Search IconIcon to open search

Hate speech detection is not as easy as you may think

Last updated Dec 12, 2022 Edit Source

Reference

Aymé Arango, Jorge Pérez, and Barbara Poblete. 2019. Hate Speech Detection is Not as Easy as You May Think: A Closer Look at Model Validation. In Proceedings of the 42nd International ACM SIGIR Conference on Research and Development in Information Retrieval (SIGIR'19). Association for Computing Machinery, New York, NY, USA, 45–54. https://doi.org/10.1145/3331184.3331262


# Introduction

Despite the apparent difficulty of the hate speech detection problem evidenced by social-media providers, current state-of- the-art approaches reported in the literature show near-perfect performance. Within-dataset experiments on labeled hate speech datasets using supervised learning achieve F1 scores above 93% [3, 7–9]. Nevertheless, there are only a few studies towards determining how generalizable the resulting models are, beyond the data collection upon which they were built on, nor on the factors that may affect this property [10]. Furthermore, recent literature that surveys current work also views the state-of-the-art under a more conservative and cautious light [3,10].

Aim of this paper

“(…) measure how these models would perform on similar yet different datasets.”

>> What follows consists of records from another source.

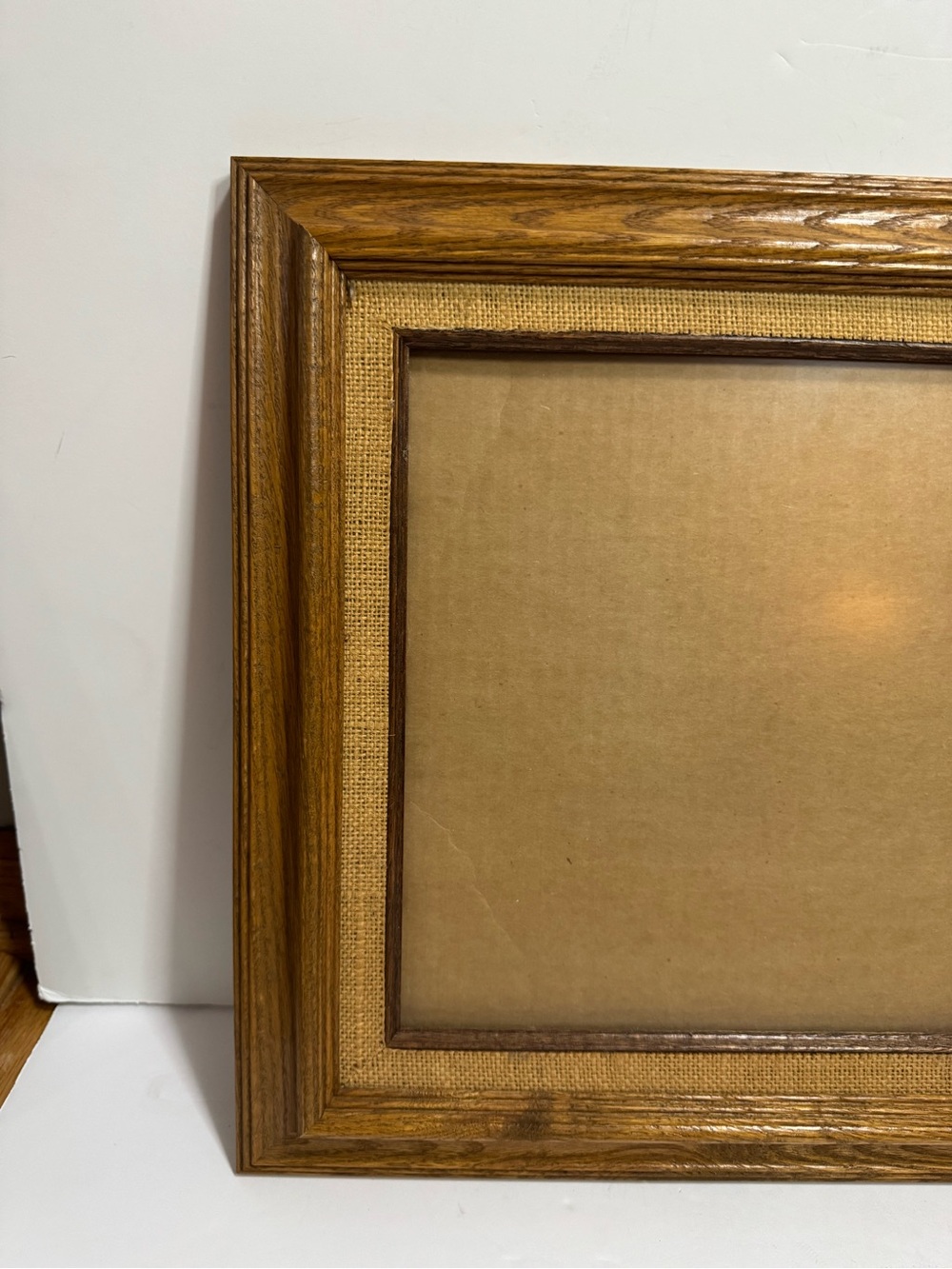 Vintage Multi-Tiered Wood Frame with Textured Burlap Border - Picture 2 of 3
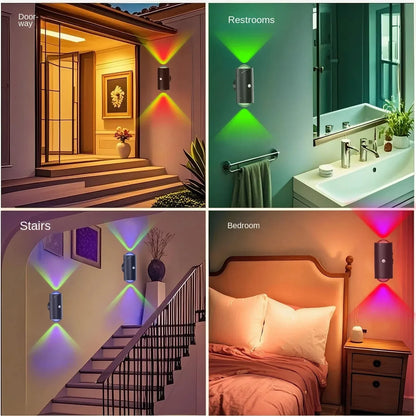 Primeri primene RGB zidne lampe kod ulaza, u kupatilu, na stepenistu i u spavacoj sobi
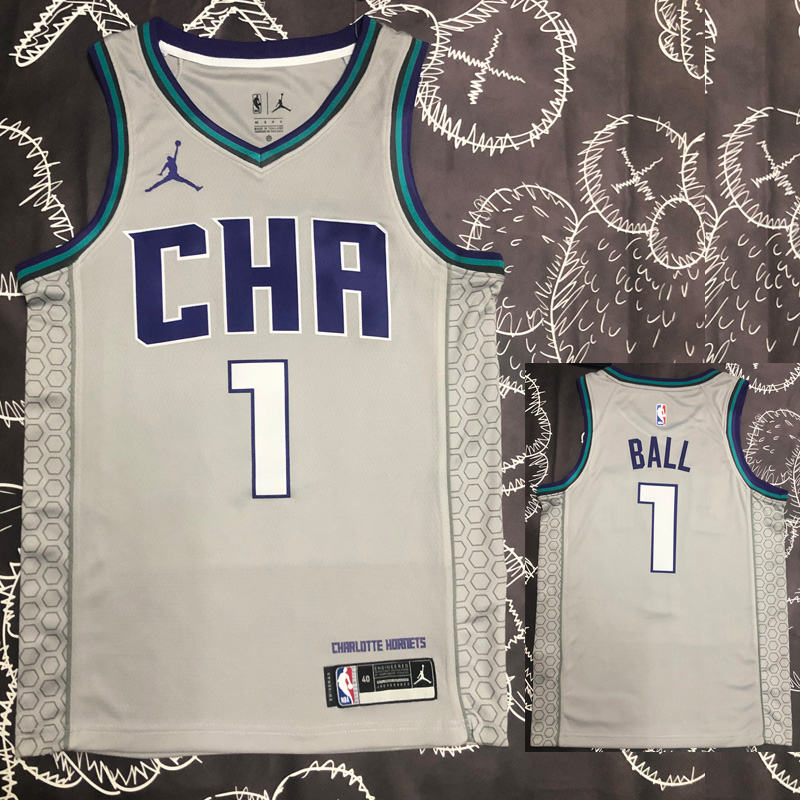 2019 HORNETS BALL #1 Gray Top Quality Hot Press...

There is some recent work on testing the generalization of the state-of-the-art methods to other datasets and domains [8–10]. Most of this work has been focused on Deep Learning methods. Agrawal and Awekar [8] test the performance of models trained on tweets [11] classifying on Wikpedia data [33] and Formspring data [34]. The authors show that transfer learning from Twitter to the two other domains performs poorly achieving less than 10% F1. In a similar study, Dadvar and Eckert [9] perform transfer learning from Twitter to a dataset of Youtube comments [35] showing a performance of 15% F1. Gröndahl et al. [10] present a comprehensive study reproducing several state-of-the-art models. Specially important for us is the experiment transferring Badjatiya et al.’s model [7] trained on the Waseem and Hovy’s dataset [11] to two other similarly labeled tweet datasets [16,17]. Even in this case the performance drops significantly, obtaining 33% and 47% F1 in those sets. This is a 40+% drop from the 93% F1 reported by Badjatiya et al. [7]. From these results, Gröndahl et al. [10] draw as a conclusion that model architecture is less important than the type of data and labeling criteria being used. In this paper our results are coherent with those of Gröndahl et al. [10]. However, we take our research a step further by investigating why this issue occurs.